*** SUPPLIED RECORDS ***

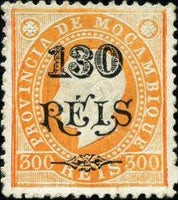 Angola 1902 Definitives - Surcharges-Stamps-Angola-StampPhenom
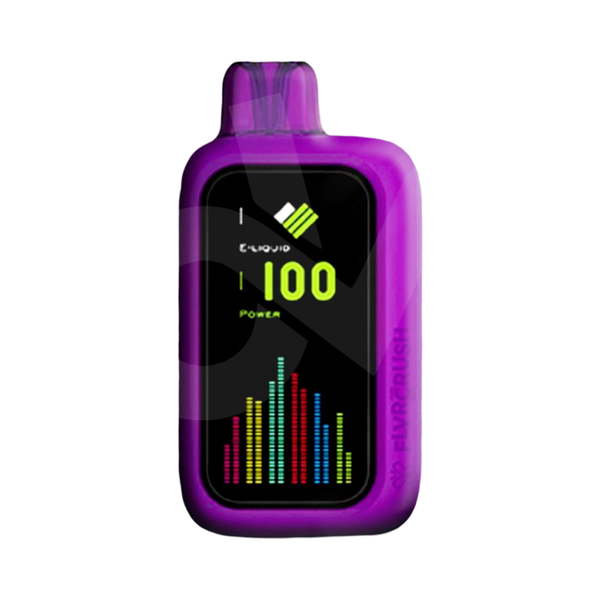 Blackberry Dragon Fruit Freeze - FLVRCRUSH 16000 - 16K Vapes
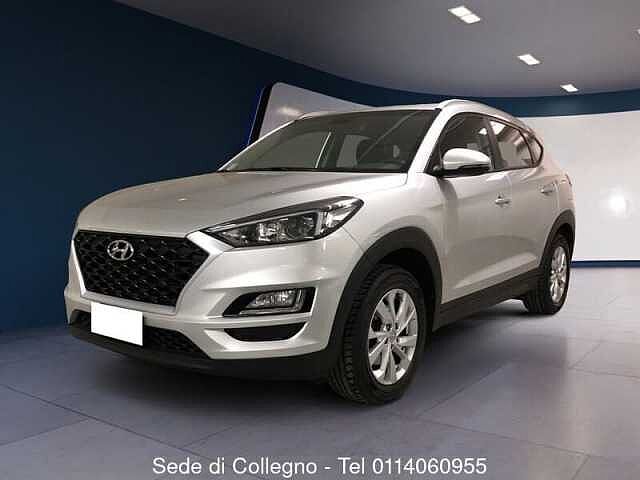 Hyundai TUCSON 1.6 CRDi XPrime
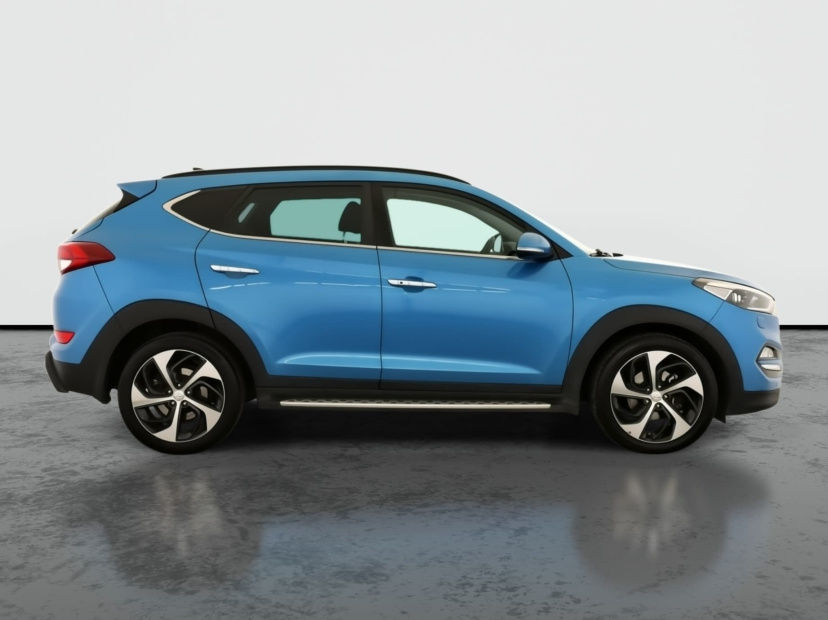 Hyundai Tucson, 2017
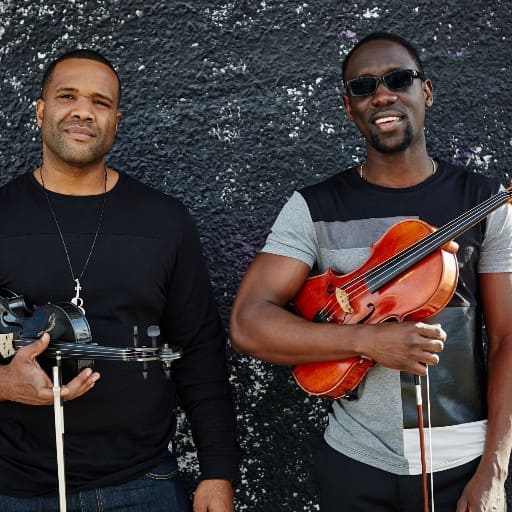 Black Violin Concerts in Nashville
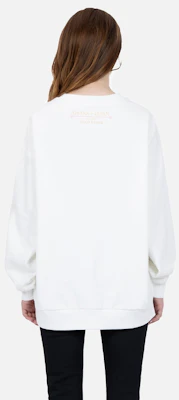(W) EVISU 女士海鸥刺绣套头卫衣 FW22 2EAHTW2SW375OSFL 1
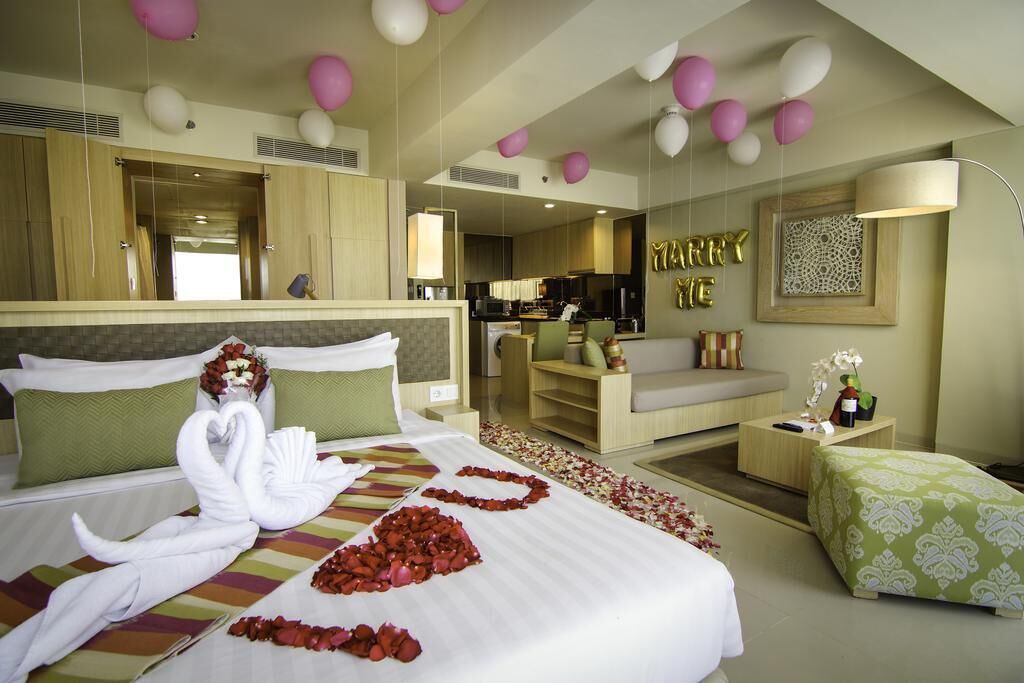 Photo of Bedroom in Downtown Kuta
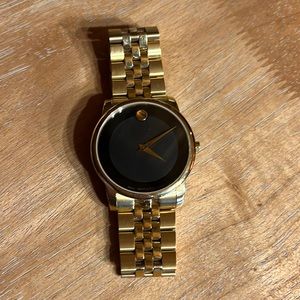 Movado Men’s Museum Classic watch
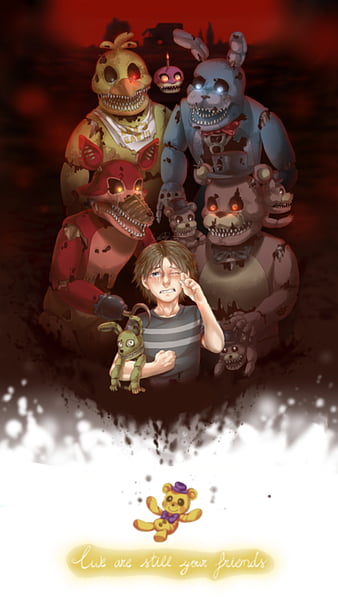 FNAF 4 | Poster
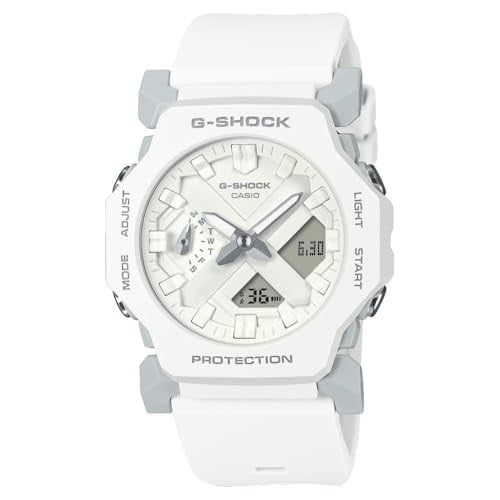 Casio GA-2300-7ADR Kol Saati, Beyaz, Standart
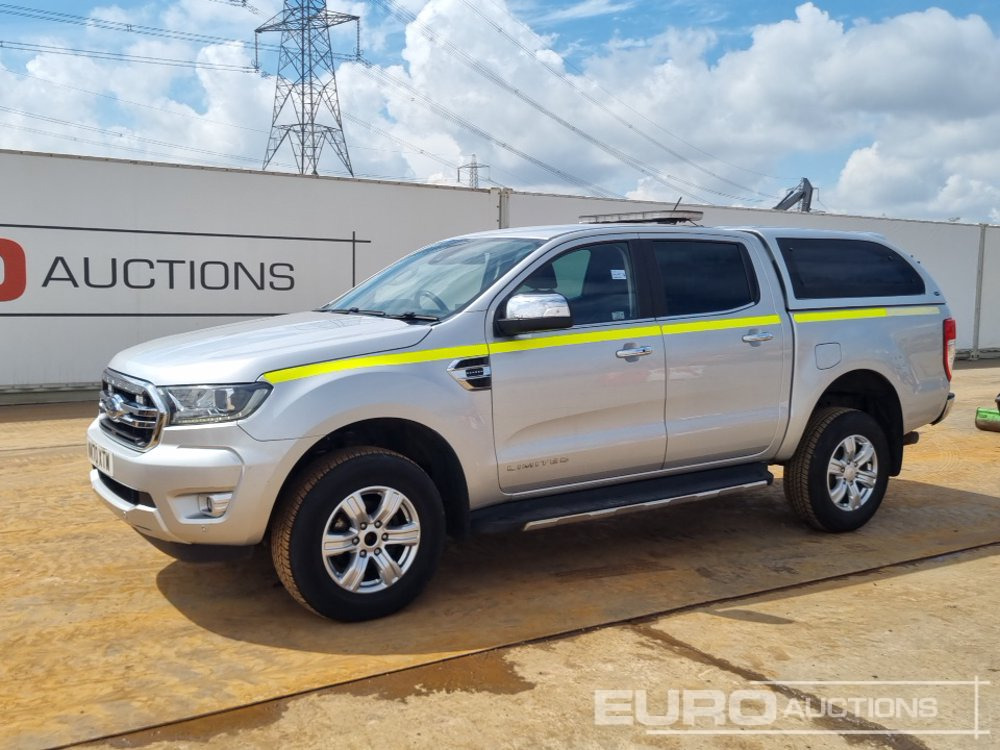 2021 Ford Ranger - 픽업트럭 : 사진 1 2021 Ford Ranger - 픽업트럭 : 사진 1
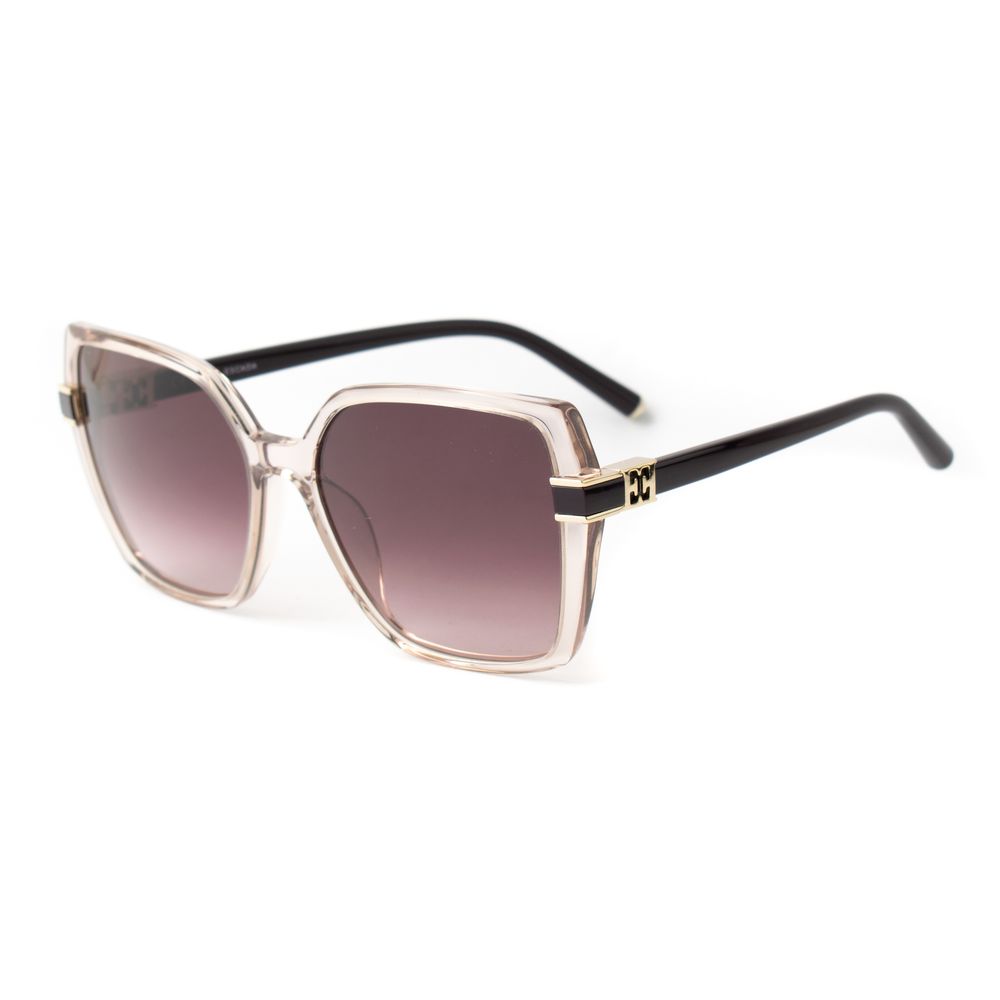 Multicolor Acetate Sunglasses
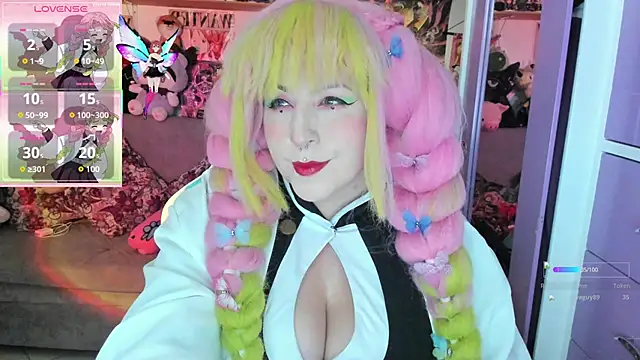 candyy new online show from 24, 10, 2025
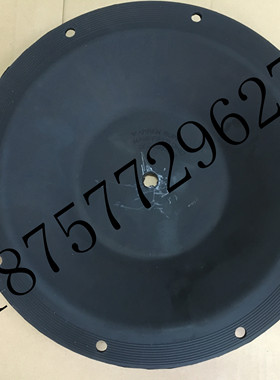 S30/3寸胜佰德马拉松气动隔膜泵膜片286-098-365黑色橡胶隔膜片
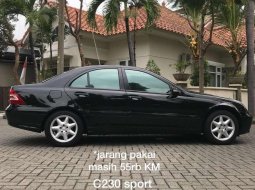 Mobil Mercedes-Benz C-Class 2007 230 dijual, Jawa Timur 15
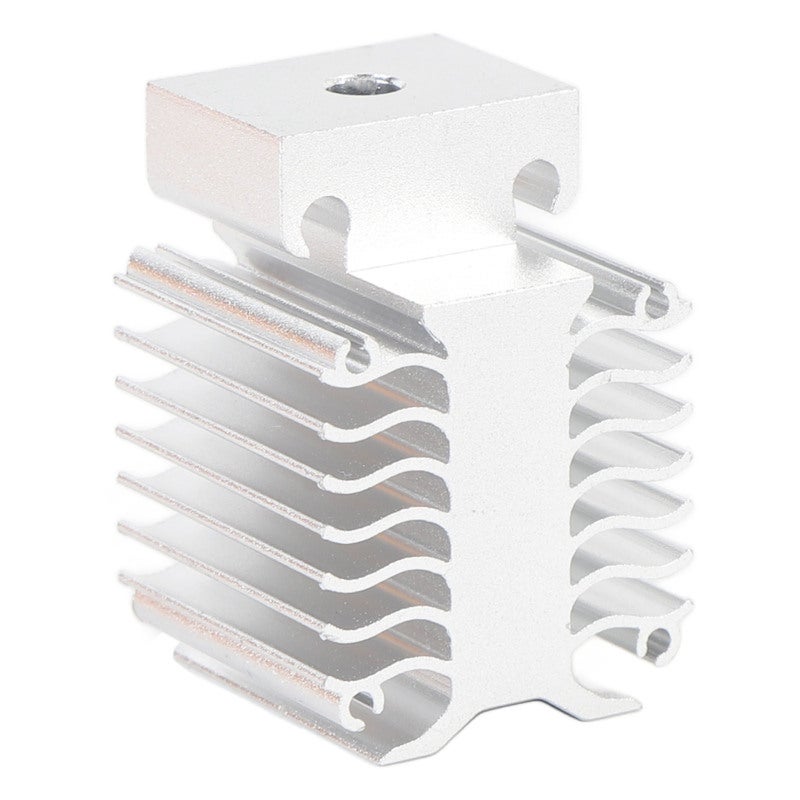 Aluminum Alloy Heat Dissipation Block for Ender 3 V3 KE - Stable Performance Heatsink Radiator for 3D Printer Extruder Hot End - Image 5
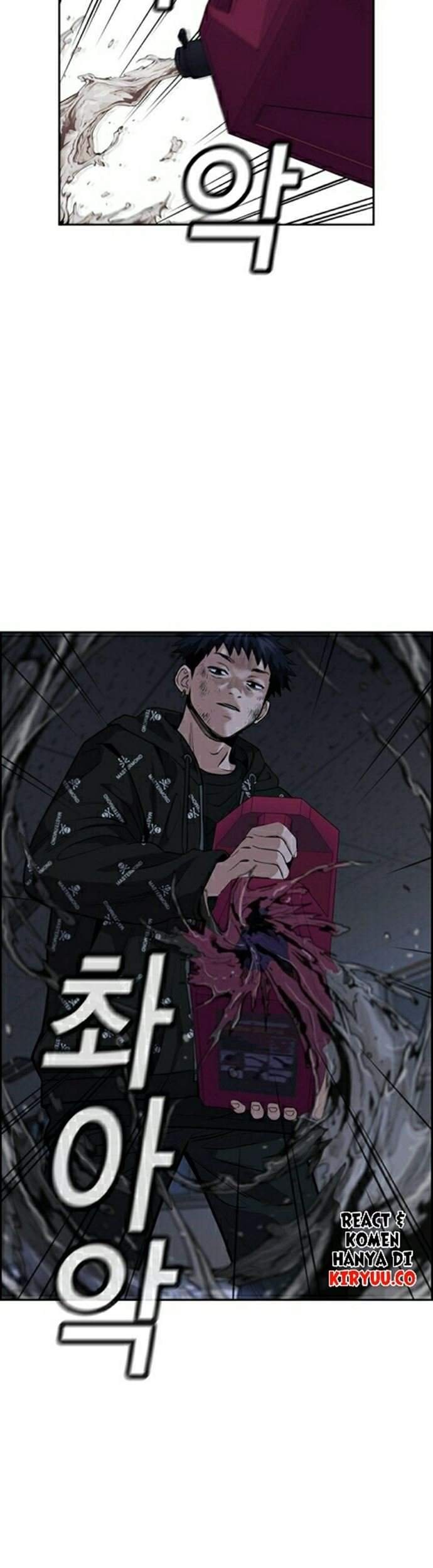 True Education Chapter 5 Gambar 60
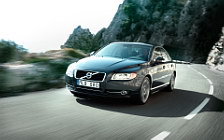 Cars wallpapers Volvo S80 - 2010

*** End of SUPPLIED RECORDS ***

> **TASK STATEMENT**: The answer must be an exact copy of the lines from the one with "Casio GA-2300-7ADR Kol" through the final line above, both ends included, and nothing else; pictures stay out.

> **EXERCISE SOLUTION**:
 Casio GA-2300-7ADR Kol Saati, Beyaz, Standart
 2021 Ford Ranger - 픽업트럭 : 사진 1 2021 Ford Ranger - 픽업트럭 : 사진 1
 Multicolor Acetate Sunglasses
 candyy new online show from 24, 10, 2025
 S30/3寸胜佰德马拉松气动隔膜泵膜片286-098-365黑色橡胶隔膜片
 Mobil Mercedes-Benz C-Class 2007 230 dijual, Jawa Timur 15
 Aluminum Alloy Heat Dissipation Block for Ender 3 V3 KE - Stable Performance Heatsink Radiator for 3D Printer Extruder Hot End - Image 5
 True Education Chapter 5 Gambar 60
 Cars wallpapers Volvo S80 - 2010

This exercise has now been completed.